La meilleure chose que puissent faire les dirigeants américains est de promouvoir un sentiment de résilience et d’éviter de diaboliser les Américains musulmans
Arrêter les attaques de loups solitaires est particulièrement difficile. Quand un individu part se battre en Syrie ou entretient des contacts avec des responsables de l’EI, les renseignements américains peuvent intercepter ses communications et ses interactions. Et toute personne qui se rend à l’étranger pour se battre pour un groupe djihadiste commet un crime et peut être arrêté. Les loups solitaires, par définition, n’ont pas ce genre de liens. Les attaquants de San Bernardino n’étaient pas sur les écrans radars de la police avant de frapper. Et compte tenu de la permissivité des lois sur le port d’armes aux États-Unis, même quelqu’un comme Mateen, soupçonné d’avoir frappé son épouse et qui a fait plusieurs fois l'objet d'enquêtes par le FBI, a pu s’acheter en toute légalité une arme automatique parce qu’il n’avait pas encore soutenu ouvertement un groupe terroriste. Le FBI est déjà si offensif dans sa lutte contre les terroristes potentiels que des groupes de défense des libertés civiles critiquent ses stratégies pousse-au-crime et ses coups montés trop agressifs.
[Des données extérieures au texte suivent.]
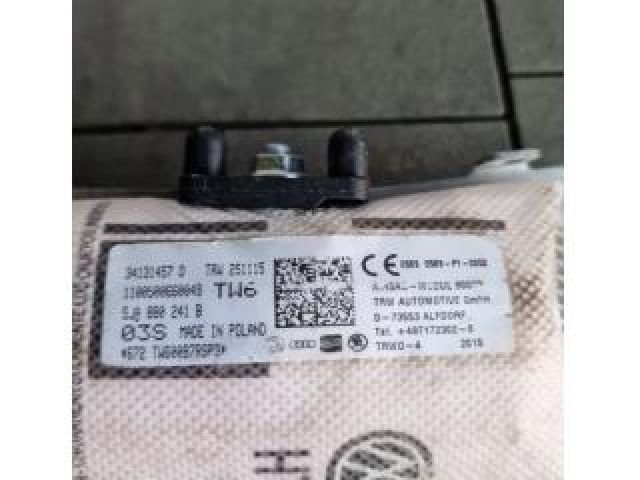 bontott SEAT TOLEDO Bal Oldallégzsák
Parce que même un EI en difficulté conserve son attrait et qu’au moins certains de ses partisans vont rester sous les écrans radars, il y aura sans doute d’autres attaques par des loups solitaires. En plus de poursuivre leurs démarches de mise en application offensive de la loi, la meilleure chose que puissent faire les dirigeants américains est de promouvoir un sentiment de résilience et d’éviter de diaboliser les Américains musulmans, et de reconnaître que tout en pleurant la mort tragique de tant de nos compatriotes nous devons nous assurer que quelqu’un comme Mateen est dépeint comme une personne haineuse et pathétique, et pas comme le représentant d’une plus vaste menace parmi les musulmans américains ou comme un élément d’un quelconque spectaculaire complot de l’État islamique.